_Action item:_
An exact reproduction of the records is required, with all pictures omitted.

_Available data:_

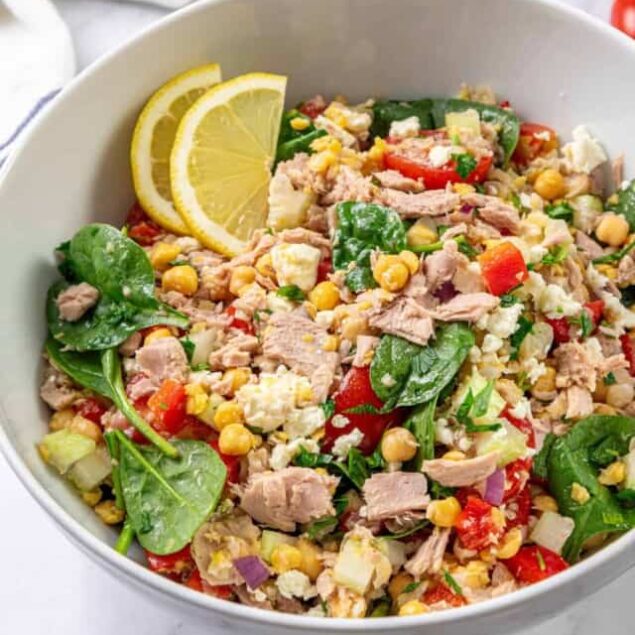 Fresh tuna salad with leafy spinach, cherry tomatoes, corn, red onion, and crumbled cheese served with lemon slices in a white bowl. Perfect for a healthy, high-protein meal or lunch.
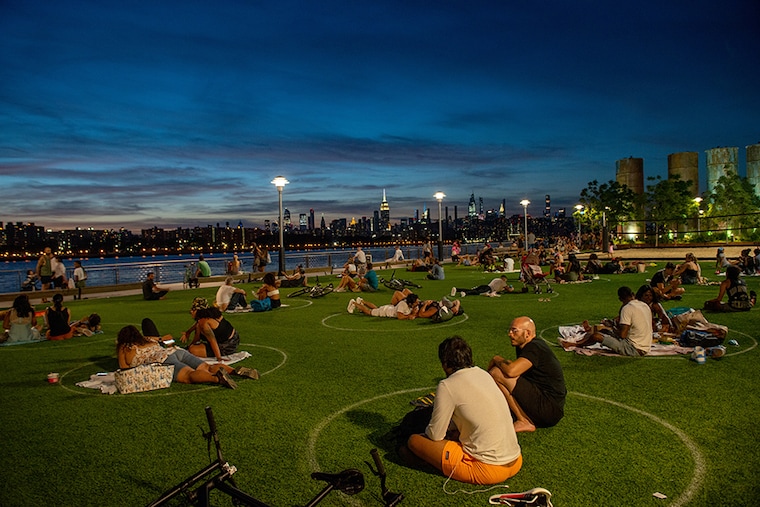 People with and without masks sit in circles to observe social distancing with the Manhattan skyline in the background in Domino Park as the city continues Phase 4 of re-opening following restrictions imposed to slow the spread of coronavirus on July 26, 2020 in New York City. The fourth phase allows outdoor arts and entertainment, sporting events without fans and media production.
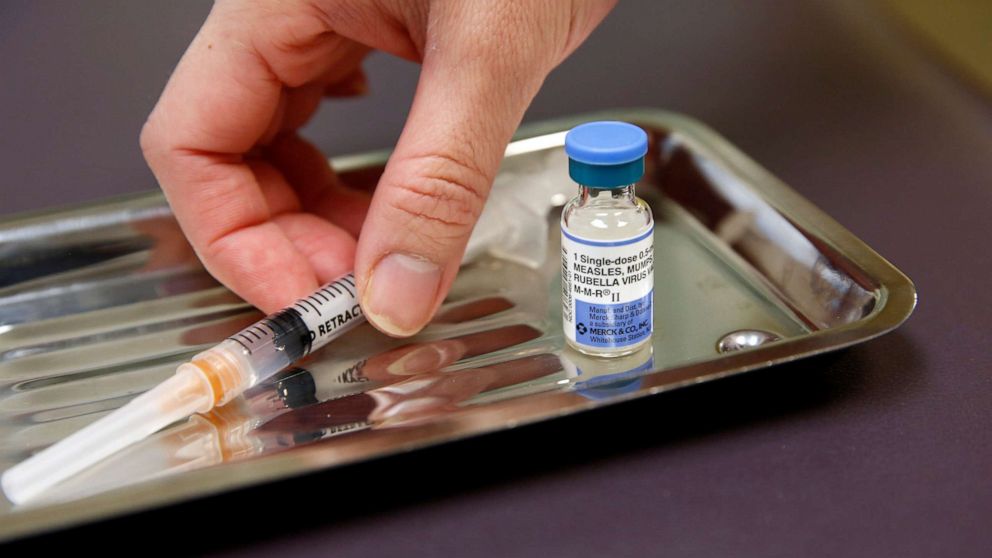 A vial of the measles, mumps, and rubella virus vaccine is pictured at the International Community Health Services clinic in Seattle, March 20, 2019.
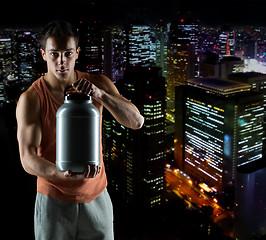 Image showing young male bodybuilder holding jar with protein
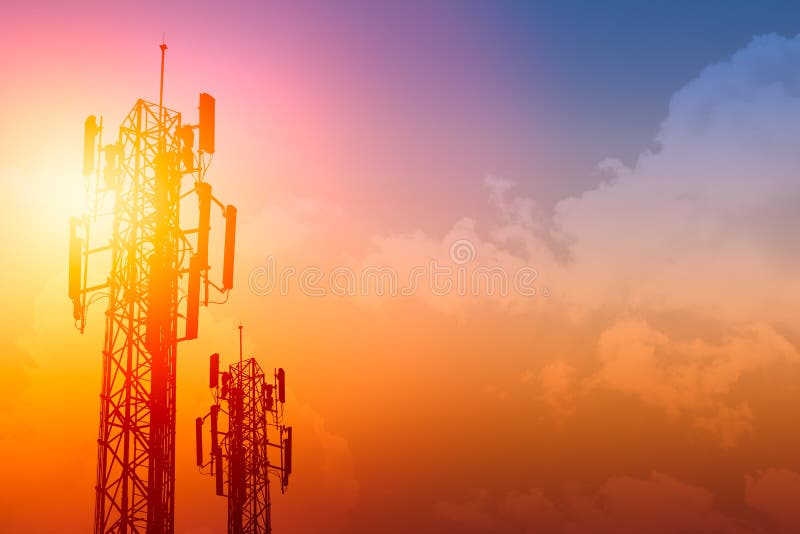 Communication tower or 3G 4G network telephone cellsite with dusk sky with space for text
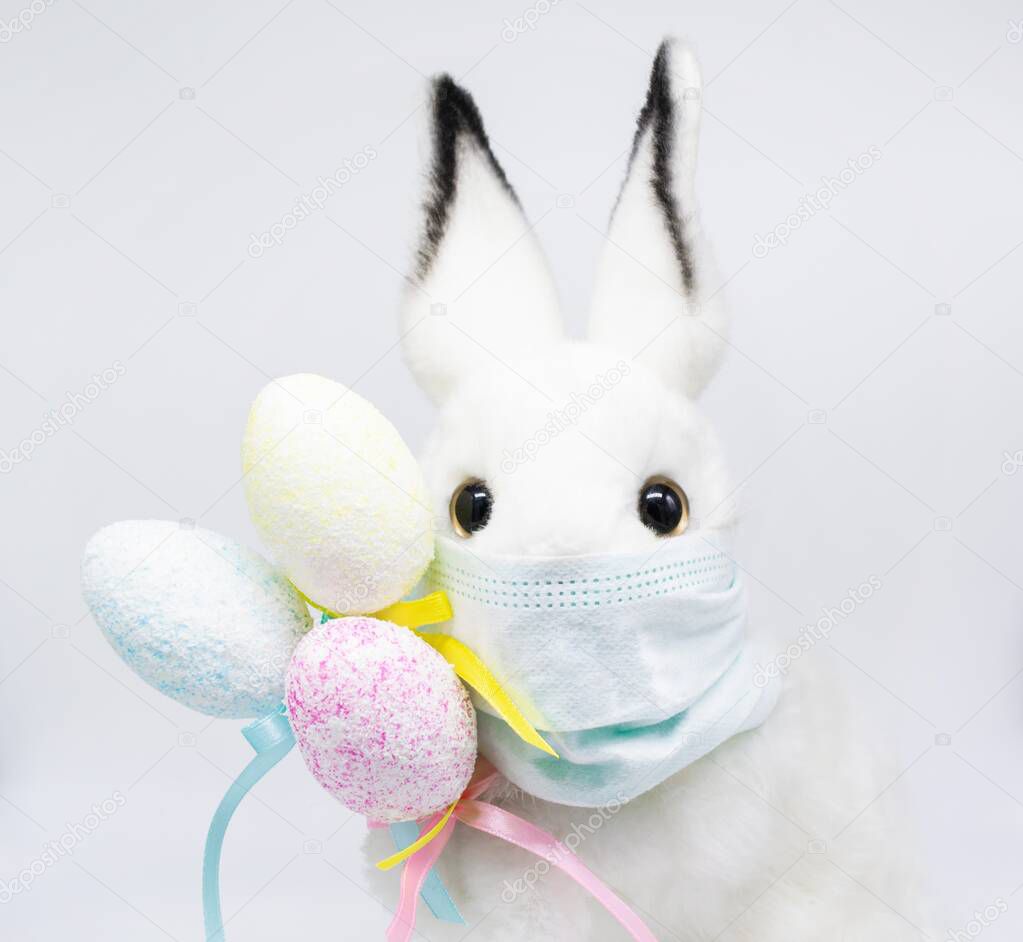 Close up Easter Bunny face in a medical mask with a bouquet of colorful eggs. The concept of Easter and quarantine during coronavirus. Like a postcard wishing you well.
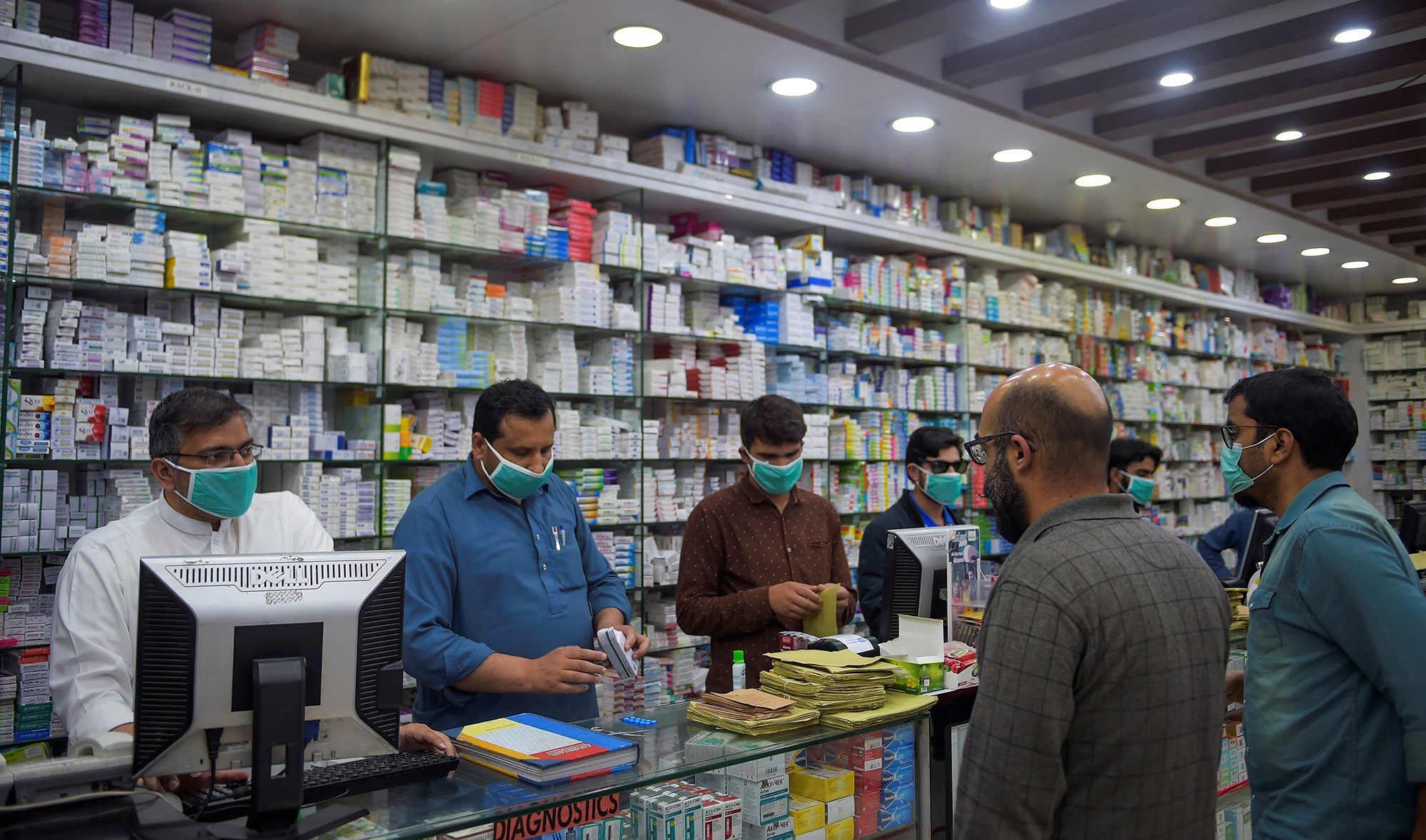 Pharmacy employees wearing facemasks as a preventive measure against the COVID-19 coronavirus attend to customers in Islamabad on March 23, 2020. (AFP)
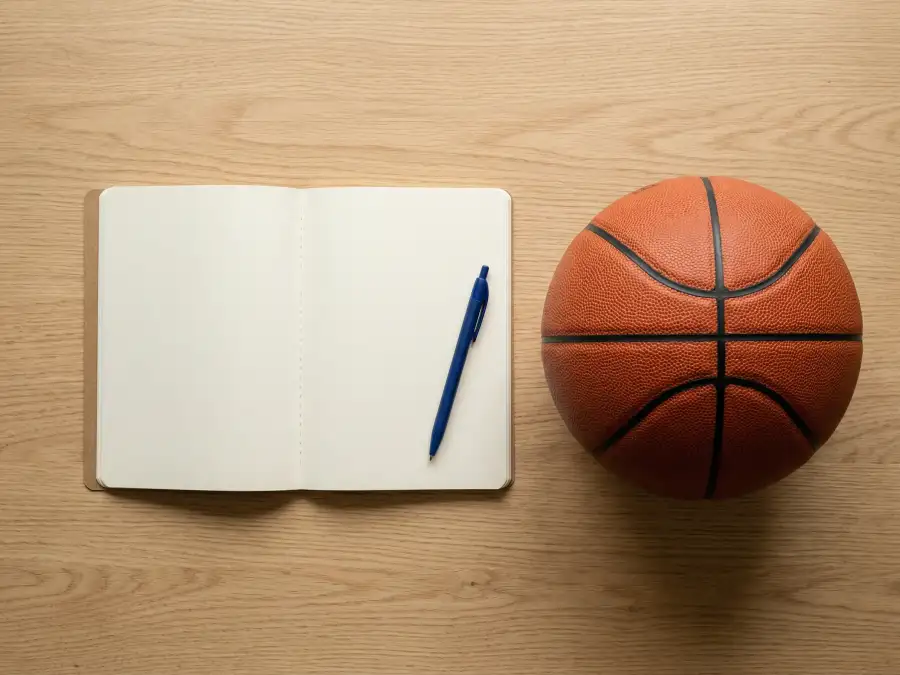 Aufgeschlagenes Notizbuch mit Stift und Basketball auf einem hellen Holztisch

_Solution for this exercise:_
 Fresh tuna salad with leafy spinach, cherry tomatoes, corn, red onion, and crumbled cheese served with lemon slices in a white bowl. Perfect for a healthy, high-protein meal or lunch.
 People with and without masks sit in circles to observe social distancing with the Manhattan skyline in the background in Domino Park as the city continues Phase 4 of re-opening following restrictions imposed to slow the spread of coronavirus on July 26, 2020 in New York City. The fourth phase allows outdoor arts and entertainment, sporting events without fans and media production.
 A vial of the measles, mumps, and rubella virus vaccine is pictured at the International Community Health Services clinic in Seattle, March 20, 2019.
 Image showing young male bodybuilder holding jar with protein
 Communication tower or 3G 4G network telephone cellsite with dusk sky with space for text
 Close up Easter Bunny face in a medical mask with a bouquet of colorful eggs. The concept of Easter and quarantine during coronavirus. Like a postcard wishing you well.
 Pharmacy employees wearing facemasks as a preventive measure against the COVID-19 coronavirus attend to customers in Islamabad on March 23, 2020. (AFP)
 Aufgeschlagenes Notizbuch mit Stift und Basketball auf einem hellen Holztisch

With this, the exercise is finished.